Vendredi 26 février 2010

Philippe Djian est de retour, avec un livre qui oscille entre le roman d’apprentissage et le film noir. Un scénario bien ficelé autour d’un monstre de plus en plus sympathique au fur et à mesure que le lecteur entre dans l’univers nihiliste et néanmoins sensible d’un raté que même l’amour ne peut sauver.

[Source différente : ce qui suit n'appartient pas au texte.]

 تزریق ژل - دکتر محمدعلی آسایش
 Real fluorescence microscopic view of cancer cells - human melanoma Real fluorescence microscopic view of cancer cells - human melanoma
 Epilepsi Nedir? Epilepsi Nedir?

Marc a dépassé la cinquantaine. Alors que lui-même a fini par comprendre qu’il n’avait pas de talent pour écrire, même trois lignes dans son journal intime, il s’accroche à son travail de professeur de « creative writing » parce que cela lui permet de coucher avec ses étudiantes. La relation fusionnelle qu’il entretient avec sa sœur, Marianne, après qu’ils ont fait bloc contre des parents qui les battaient, fait barrage contre toute autre sorte de relation avec les femmes pour Marc. Jusqu’au jour où une de ses jeunes groupies en état d’ébriété avancé meure dans le lit à côté de lui. Après s’être débarrassé froidement du corps, le respectable professeur rencontre la belle-mère de la jeune morte. Et c’est le coup de foudre physique et intellectuel, et aussi la première fois que Marc voit une femme de plus de 26 ans. Mais son nouveau statut d’amant possédé le force à prendre des risques qu’il n’aurait jamais pris dans ses historiettes passées. Peut-on apprendre l’amour aussi tard ?

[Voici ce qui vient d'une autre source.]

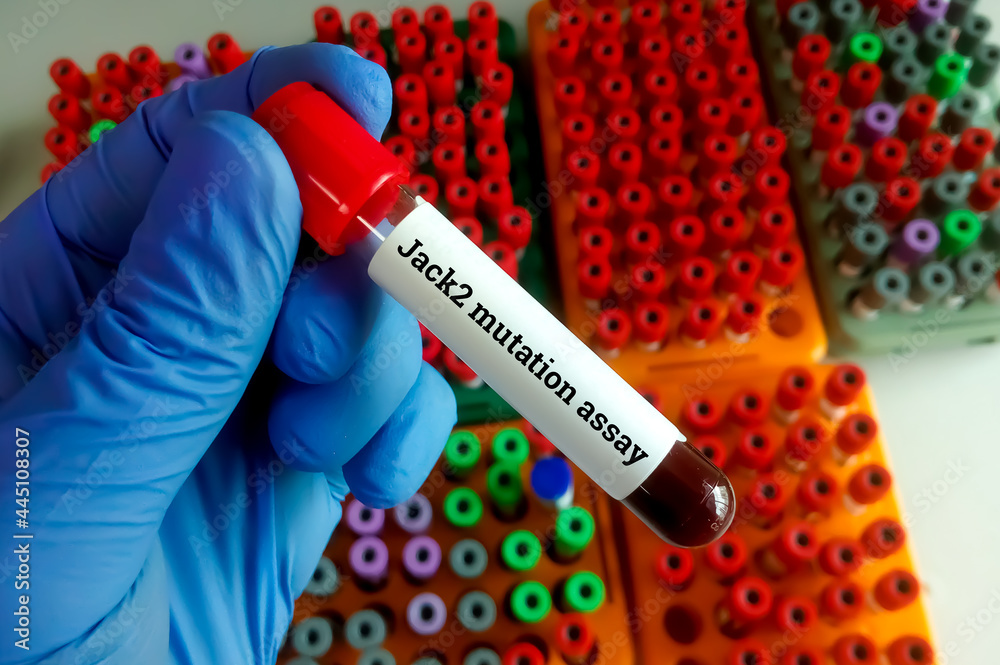 Obraz premium Scientist hold blood sample for Jack2 mutation test, To help diagnose bone marrow disorders known as myeloproliferative neoplasms (MPNs)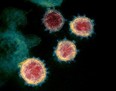 FILE PHOTO: Transmission electron microscope image shows SARS-CoV-2, also known as novel coronavirus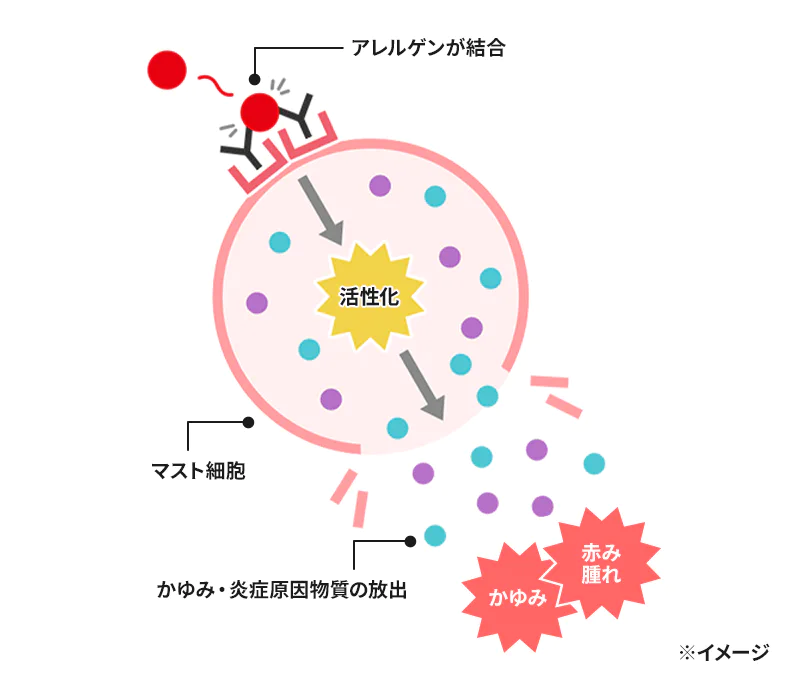 アレルゲンが結合 マスト細胞の活性化 かゆみ・炎症原因物質の放出（かゆみ・赤み 腫れ）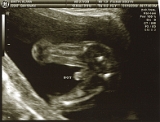 3rd Ultrasound 06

Construit comme un scénario de film, « Incidences » commence sur la route qui mène Marc chez lui, et les premières lignes contiennent en germe tout le livre : le goût d’échec de la petite Fiat 500 pour celui qui aurait voulu être un auteur marquant, l’indifférence du antihéros pour sa nouvelle dulcinée et le sentiment claustrophobique d’un schéma toujours répété et ennuyeux, même quand il est poussé jusqu’à la tragédie.
En le faisant entrer par cercles dans le monde désenchanté d’un raté incestueux, qui pour son malheur est très lucide sur sa situation, Philippe Djian plonge le lecteur dans un monde noir et grinçant, mais qui demeure – et c’est génialement gênant- très humain. L’obsession sexuelle, le tabou du professeur acceptant les avances de ses étudiantes, et les références très américaines du livre font penser à du Philippe Roth à la gauloise et repeint en noir. Mais certains retournements (les femmes de quarante ans sont finalement plus intéressantes que celles de vingt, l’autorité universitaire grogne mais ne condamne pas…) prennent à rebours ce thème de l’accès interdit aux biens sexuels trop frais. Enfin, la fine psychologie du roman est relevée par les ellipses. Seuls certains aspects reviennent du passé du personnage principal et Marc est totalement capable de les formuler pour la bonne raison que ça ne l’intéresse pas, le lecteur ne sait rien sur ce qui motive  tous ceux qui l’entourent à agir comme ils le font. Ces points aveugles permettent à Roth de laisser planer un inachevé très stimulant. Inachevé qui entre en tension avec l’étouffement du personnage principal et la structure impeccablement huilée du roman pour laisser le lecteur sur une saine faim.

Philippe Djian, Incidences, Gallimard, 233 p., 17, 90 euros.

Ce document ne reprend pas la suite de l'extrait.